|
|
I did the following:
highlighter.setMaxDocCharsToAnalyze(Integer.MAX_VALUE);
which works.
On Thu, Mar 12, 2009 at 6:41 PM, Amin Mohammed-Coleman <aminmc@xxxxxxxxx>wrote:
> JIRA updated. Includes new testcase which shows highlighter not working as
> expected.
>
>
> On Thu, Mar 12, 2009 at 5:56 PM, Amin Mohammed-Coleman
> <aminmc@xxxxxxxxx>wrote:
>
>> Hi
>>
>> I have found that it is not issue with POI. I extracted text using PoI but
>> differenlty and the term is extracted properly. When I store the text and
>> retrieve it the term exists. However running the text through highlighter
>> doesn't work
>>
>> I will post test case with plain text file on JIRA. Currently on a cramped
>> train!
>>
>> Cheers
>>
>>
>>
>> On 11 Mar 2009, at 18:11, markharw00d <markharw00d@xxxxxxxxxxx> wrote:
>>
>> If you can supply a Junit test that recreates the problem I think we can
>>> start to make progress on this.
>>>
>>>
>>>
>>> Amin Mohammed-Coleman wrote:
>>>
>>>> Hi
>>>>
>>>> Apologies for re sending this mail.
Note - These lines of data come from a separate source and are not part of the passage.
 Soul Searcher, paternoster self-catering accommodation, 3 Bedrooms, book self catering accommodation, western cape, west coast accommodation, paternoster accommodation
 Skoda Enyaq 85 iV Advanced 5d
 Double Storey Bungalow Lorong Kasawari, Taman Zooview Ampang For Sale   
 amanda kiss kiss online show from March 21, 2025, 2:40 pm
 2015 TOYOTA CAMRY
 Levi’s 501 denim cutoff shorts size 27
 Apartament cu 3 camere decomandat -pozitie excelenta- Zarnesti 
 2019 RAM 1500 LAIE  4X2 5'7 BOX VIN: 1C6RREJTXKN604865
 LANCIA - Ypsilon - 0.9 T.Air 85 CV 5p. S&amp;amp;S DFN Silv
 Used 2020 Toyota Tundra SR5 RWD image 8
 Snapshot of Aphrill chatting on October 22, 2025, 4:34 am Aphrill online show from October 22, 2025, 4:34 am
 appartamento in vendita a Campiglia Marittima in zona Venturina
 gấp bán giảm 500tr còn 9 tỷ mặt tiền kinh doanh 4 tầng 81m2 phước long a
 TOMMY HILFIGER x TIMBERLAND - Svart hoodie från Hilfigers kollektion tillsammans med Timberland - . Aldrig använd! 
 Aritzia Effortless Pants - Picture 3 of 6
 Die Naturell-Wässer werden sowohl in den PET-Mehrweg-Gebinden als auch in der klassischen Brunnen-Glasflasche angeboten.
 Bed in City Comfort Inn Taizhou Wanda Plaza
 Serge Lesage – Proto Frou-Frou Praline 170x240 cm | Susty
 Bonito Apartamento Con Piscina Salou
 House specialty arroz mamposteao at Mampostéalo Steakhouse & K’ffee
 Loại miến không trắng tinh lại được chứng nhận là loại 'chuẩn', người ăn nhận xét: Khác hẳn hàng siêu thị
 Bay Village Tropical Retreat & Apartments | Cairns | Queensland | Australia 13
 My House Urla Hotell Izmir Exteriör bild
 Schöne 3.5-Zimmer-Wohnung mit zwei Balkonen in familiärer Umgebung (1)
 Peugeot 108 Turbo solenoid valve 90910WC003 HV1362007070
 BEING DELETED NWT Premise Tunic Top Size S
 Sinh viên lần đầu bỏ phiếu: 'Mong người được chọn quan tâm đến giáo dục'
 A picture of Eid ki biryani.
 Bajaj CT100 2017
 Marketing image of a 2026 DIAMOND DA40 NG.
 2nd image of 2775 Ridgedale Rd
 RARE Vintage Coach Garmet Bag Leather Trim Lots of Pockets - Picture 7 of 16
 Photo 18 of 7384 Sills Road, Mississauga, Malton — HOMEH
Just wondering if anyone has
>>>> experienced the below. I'm not sure if this could happen due nature of
>>>> document. It does seem strange one term search returns summary while
>>>> another
>>>> does not even though same document is being returned.
>>>>
>>>> I'm asking this so I can code around this if is normal.
>>>>
>>>>
>>>> Apologies again for re sending this mail
>>>>
>>>> Cheers
>>>>
>>>> Amin
>>>>
>>>> Sent from my iPhone
>>>>
>>>> On 9 Mar 2009, at 07:50, Amin Mohammed-Coleman <aminmc@xxxxxxxxx>
>>>> wrote:
>>>>
>>>> Hi
>>>>>
>>>>> I am seeing some strange behaviour with the highlighter and I'm
>>>>> wondering if anyone else is experiencing this. In certain instances I
>>>>> don't
>>>>> get a summary being generated. I perform the search and the search
>>>>> returns
>>>>> the correct document. I can see that the lucene document contains the
>>>>> text
>>>>> in the field. However after doing:
>>>>>
>>>>> SimpleHTMLFormatter simpleHTMLFormatter = new
>>>>> SimpleHTMLFormatter("<span class=\"highlight\"><b>", "</b></span>");
>>>>> //required for highlighting
>>>>> Query query2 = multiSearcher.rewrite(query);
>>>>> Highlighter highlighter = new
>>>>> Highlighter(simpleHTMLFormatter, new QueryScorer(query2));
>>>>> ...
>>>>>
>>>>> String text= doc.get(FieldNameEnum.BODY.getDescription());
>>>>> TokenStream tokenStream =
>>>>> analyzer.tokenStream(FieldNameEnum.BODY.getDescription(), new
>>>>> StringReader(text));
>>>>> String result = highlighter.getBestFragments(tokenStream,
>>>>> text, 3, "...");
>>>>>
>>>>>
>>>>> the string result is empty. This is very strange, if i try a different
>>>>> term that exists in the document then I get a summary. For example I
>>>>> have a
>>>>> word document that contains the term "document" and "aspectj". If I
>>>>> search
>>>>> for "document" I get the correct document but no highlighted summary.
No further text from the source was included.